Let's eat turkey in a big brown shoe.
My hell week trade show is over. I can't tell you how many people I kissed, shook hands, felt their ass, and ditched completely over the past three days. When you've been in the industry as long as I have, you tend to collect people. The most common are the ones where you say, "Call me and we will do lunch soon where we can really catch up." Translated into show talk, this means, "I will see you next year and as soon as you walk away I won't have another thought of you cross my mind until I see your face at the show next year." It is also a time to see the absolute worst in people. You take hundreds of sales people and casino folk making way too much money, away from their families, IN VEGAS, and see how they behave. There must be something in the water that causes amnesia because 95% of the men forget they are married. It's an odd phenomenon. It is also an industry dominated by men so the occasional girl gets quite a bit of attention. I'm not complaining as it is good for the old ego, but come on. News flash: I didn't want to sleep with you the first 8 years I knew you, and guess what, nothing's changed. I didn't go out and party at night and managed to sneak out of the show in the late afternoons. I got a couple of bites for jobs, so fingers crossed, it was worth it.
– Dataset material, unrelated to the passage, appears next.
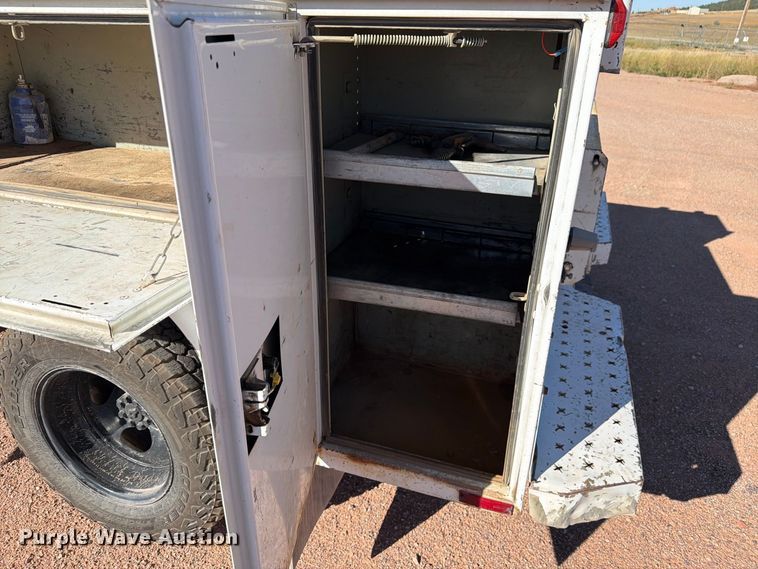 image for item FM7678 2011 Chevrolet Silverado 3500HD utility bed pickup truck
Hopefully, the wives of all the pigs were out having girl's night and getting hit on by random, young, cute men. Karma.
So, Thanksgiving is just a few days away and I still don't know what I'm making. I went to the store yesterday to get lots of everything but still no firm plan. Looking at it closely, I have mostly starches. Well, doesn't that say everything about my eating choices in a nutshell! I think I should add a veggie or two. Just for looks.